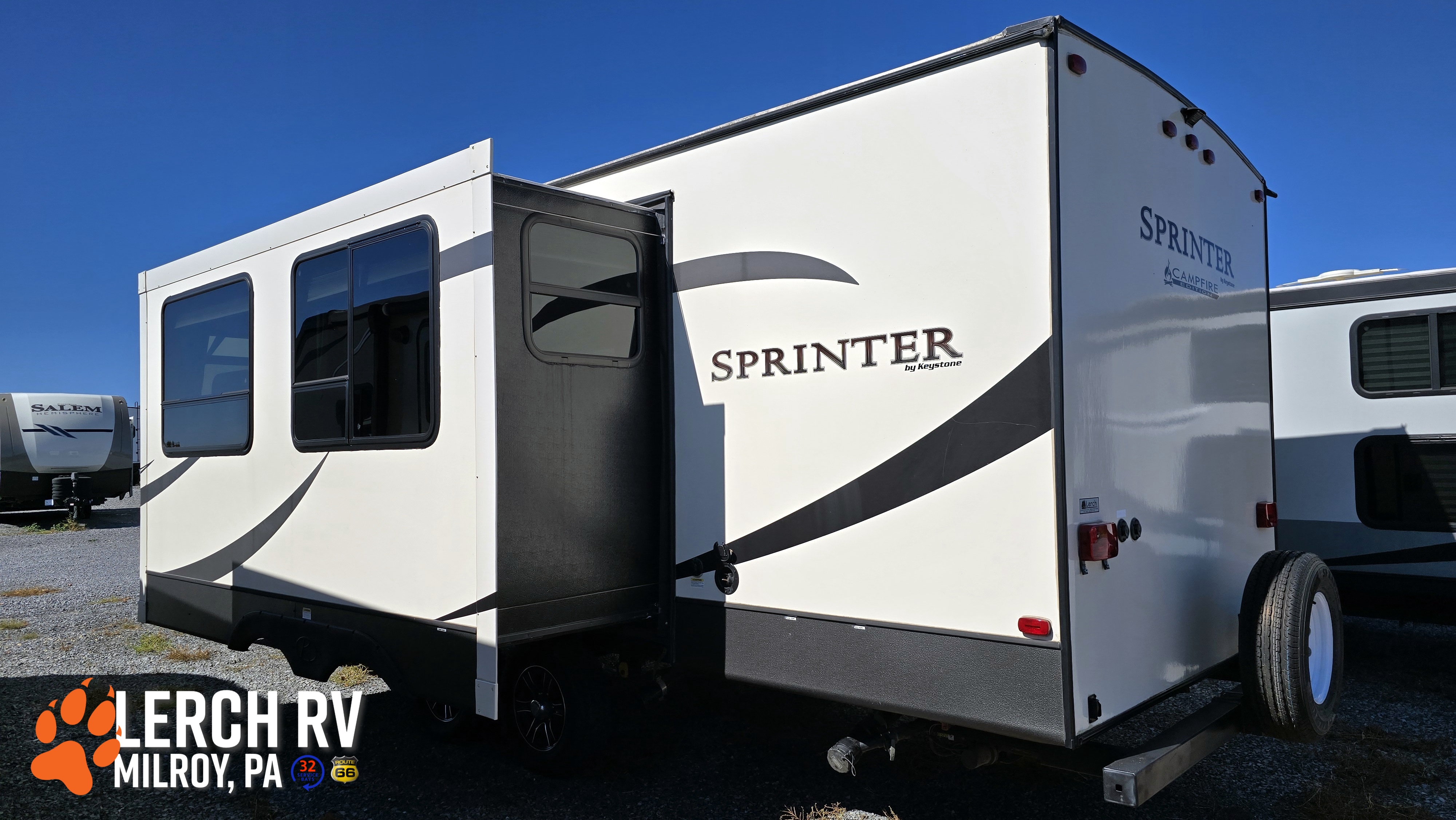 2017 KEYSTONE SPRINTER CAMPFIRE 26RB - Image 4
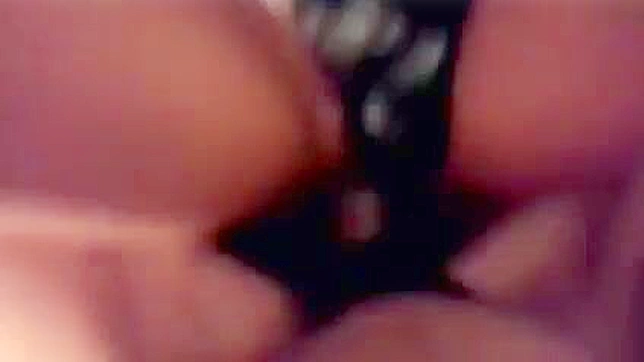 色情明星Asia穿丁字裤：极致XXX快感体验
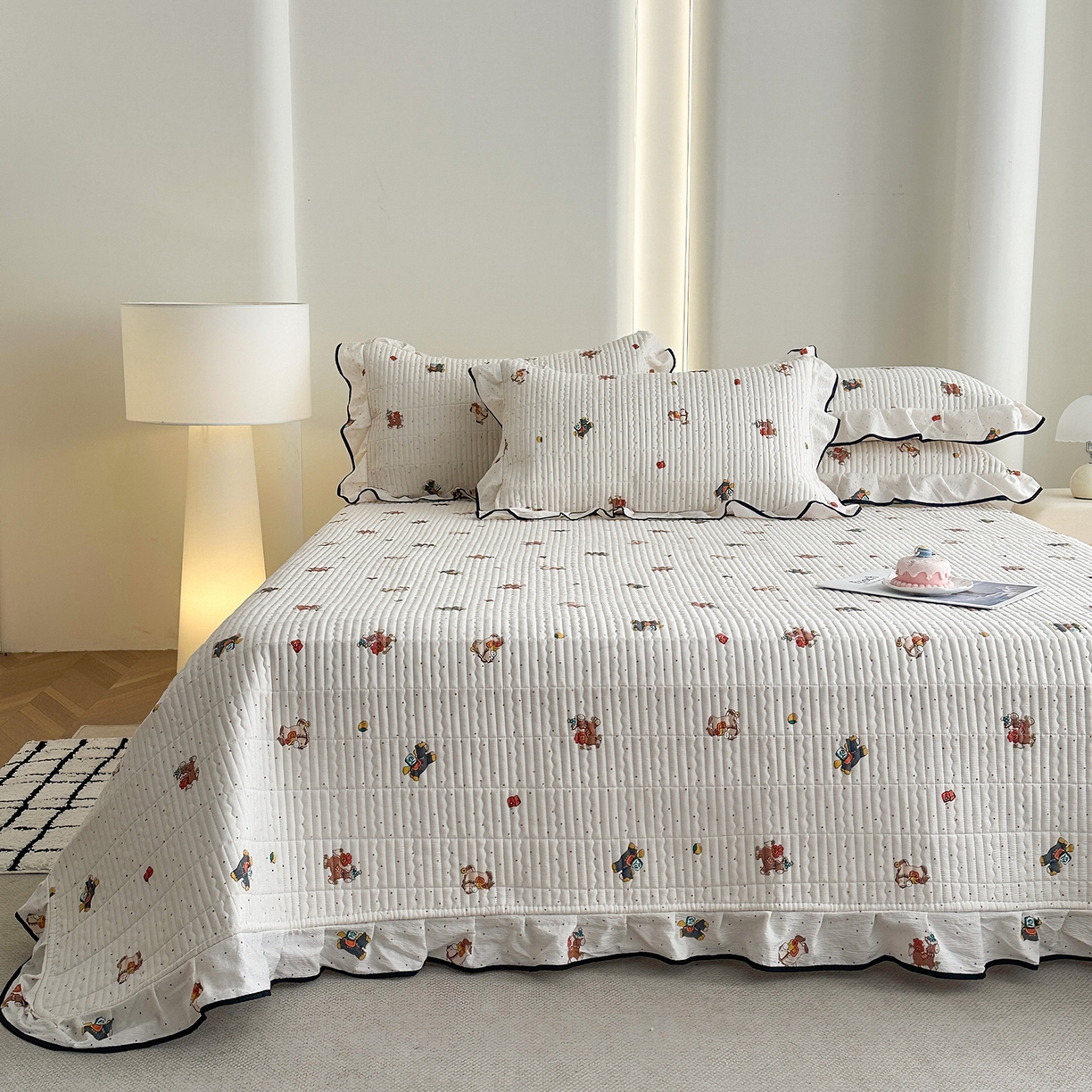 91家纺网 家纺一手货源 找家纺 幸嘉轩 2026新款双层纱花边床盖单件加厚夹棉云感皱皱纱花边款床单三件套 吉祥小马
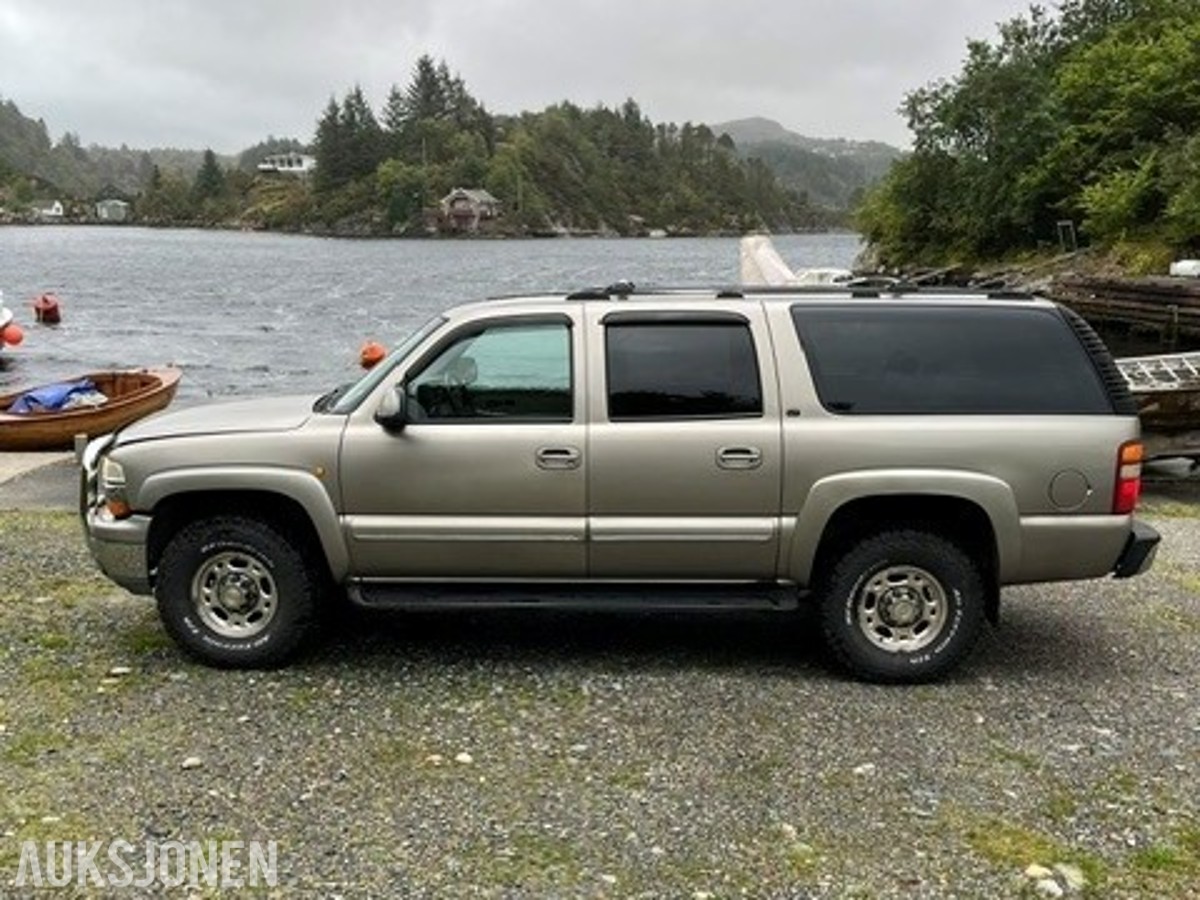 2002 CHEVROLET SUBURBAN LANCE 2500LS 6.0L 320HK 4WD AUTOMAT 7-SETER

—————

Leave every picture out. Retype the remaining data exactly.

▸ **ANSWER BOX**
 2017 KEYSTONE SPRINTER CAMPFIRE 26RB - Image 4
 色情明星Asia穿丁字裤：极致XXX快感体验
 91家纺网 家纺一手货源 找家纺 幸嘉轩 2026新款双层纱花边床盖单件加厚夹棉云感皱皱纱花边款床单三件套 吉祥小马
 2002 CHEVROLET SUBURBAN LANCE 2500LS 6.0L 320HK 4WD AUTOMAT 7-SETER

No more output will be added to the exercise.